Repository files navigation

This repository contains code, data and experimental materials for:

Han, S. J, Kelly, P., Winters, J., & Kemp, C. (2022). Simplification is not dominant in the evolution of Chinese characters. Open Mind.

Folder Structure

analysis

This folder contains all of our analysis code, packaged into notebooks for either Python or R.

data

This folder contains all of our data, including our raw image data. Because our datasets are extremely large, this repository only contains a sample of each dataset in order to illustrate its file structure. Important files such as the full CSVs for character complexities are also missing due to their size.

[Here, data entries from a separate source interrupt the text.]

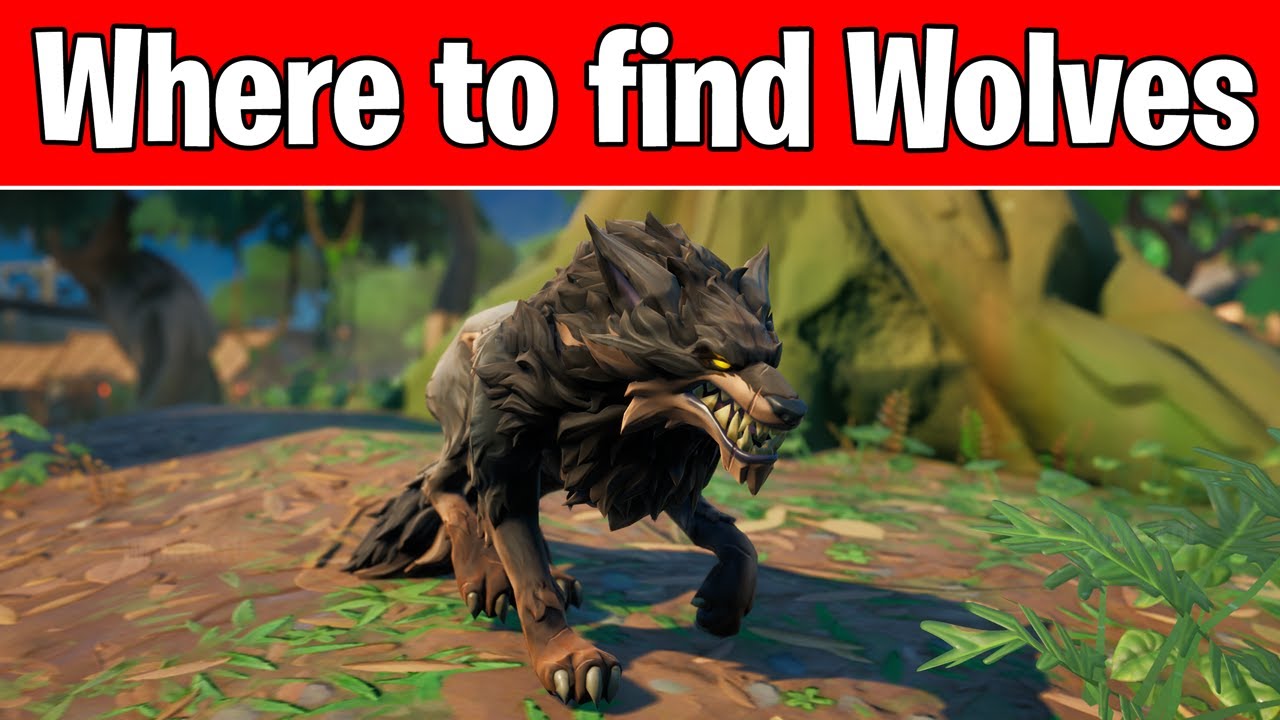 Where to find Wolves in Fortnite (Fortnite Battle Royale Season 6 Challenges)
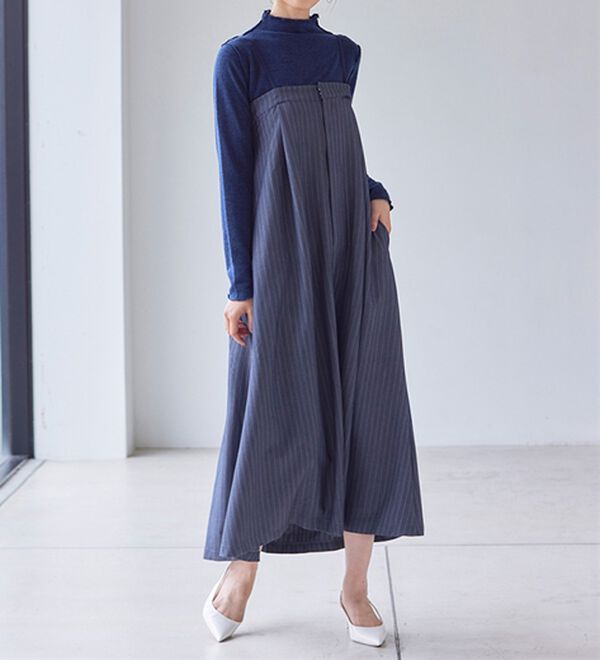 RANAN（ラナン）の「前後２ＷＡＹ！メロウ使いニットソーフリルプルオーバー（カットソー）」｜詳細画像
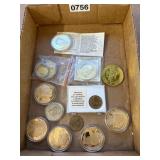 Boxed Lot of Commemorative Coins
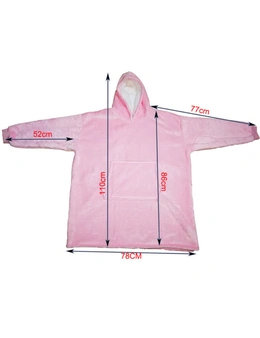 Warm Hooded Blanket for Women - Pink - Stay Warm This Winter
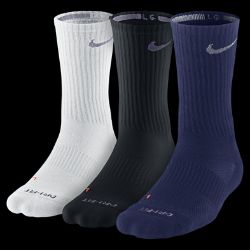 Nike Nike Dri FIT Half Cushion Crew Socks  Ratings 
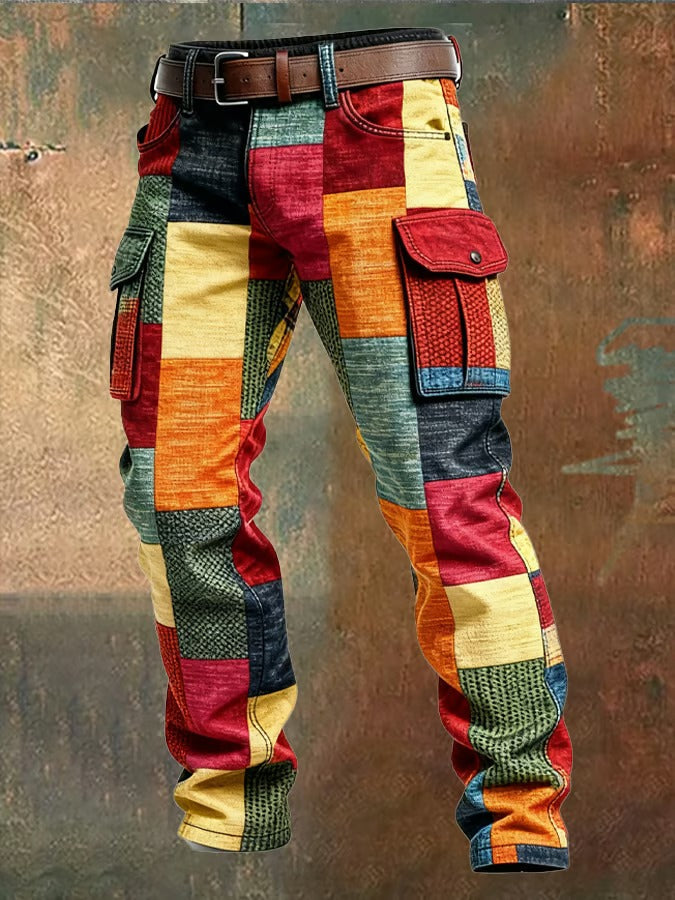 Italo | Pantalon cargo patchwork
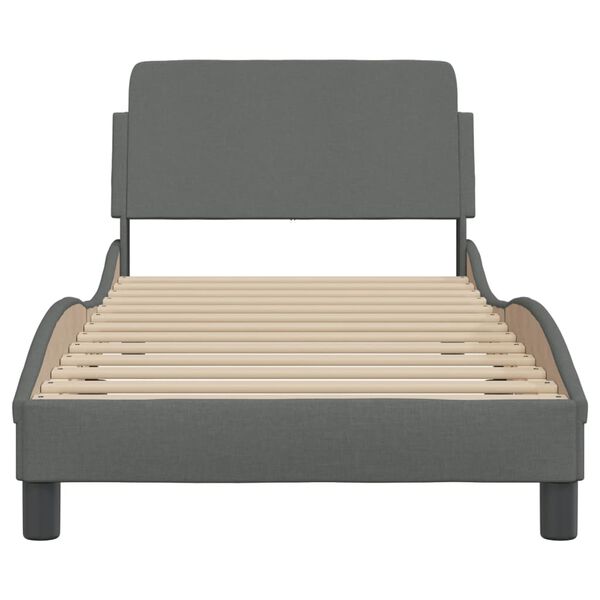 vidaXL Bedframe "Dover" 80x200 cm stof donkergrijs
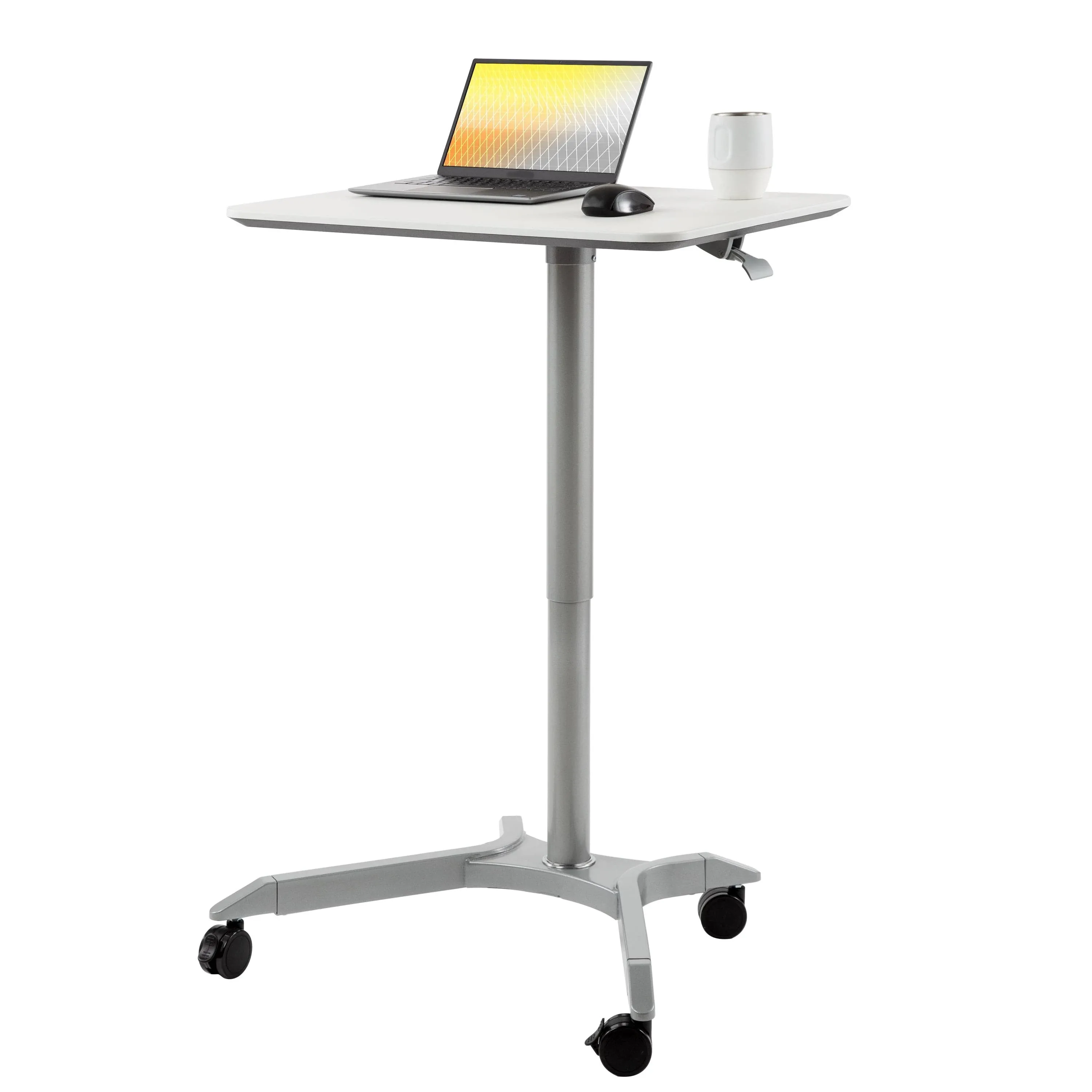 Seville Classics Laptop Desk 27.1&#034;X28.1&#034;X19<wbr/>.6&#034; Adjustable Height+Casters<wbr/>+Locking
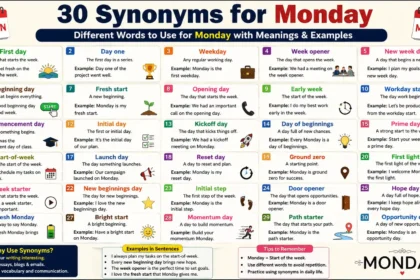 synonyms for monday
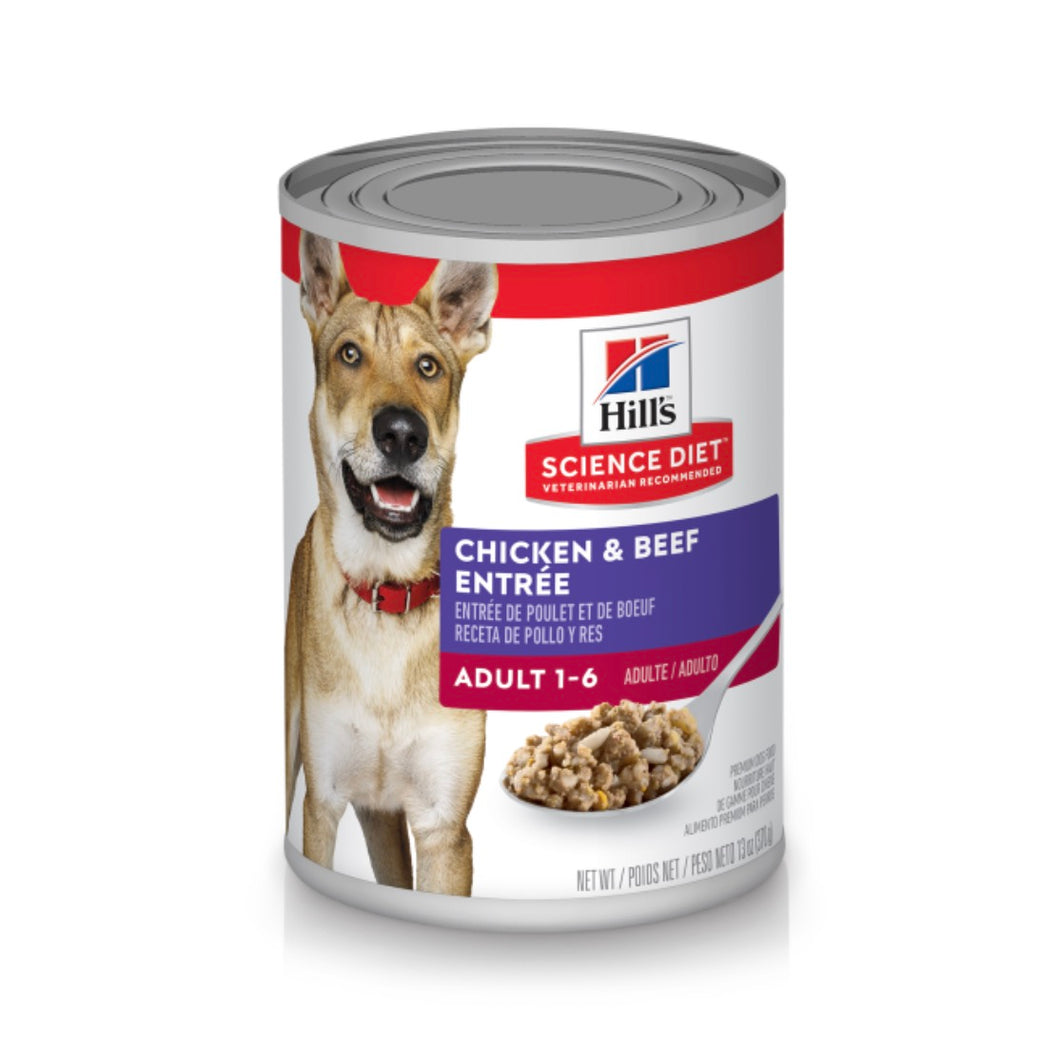 Hill's Science Diet Dog Adult Chicken & Beef Entree 12/13 oz - SCARS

A complete folder with the same file structure can be found on Zenodo

data_generation

This folder contains all of our Python code for scraping, processing and evaluating our image datasets. Please refer to its README for details on how to run our pipeline.

experiment

This folder contains all of the materials for our behavioural experiment, including data and source code for experiment

figures

This folder contains all of the figures for both the main paper and the supplementary materials.

tables

This folder contains tables presented in the supplementary materials.

complexity_change_shiny

Code for a Shiny app that allows users to visualize changes in complexity over time for individual characters.

root level scripts

'generate_sample_data_folder.py': generates the 'data' folder within this repo, which holds a sample of our full dataset (sample of 20 images of 20 characters for every period/dataset). This is provided for convenience.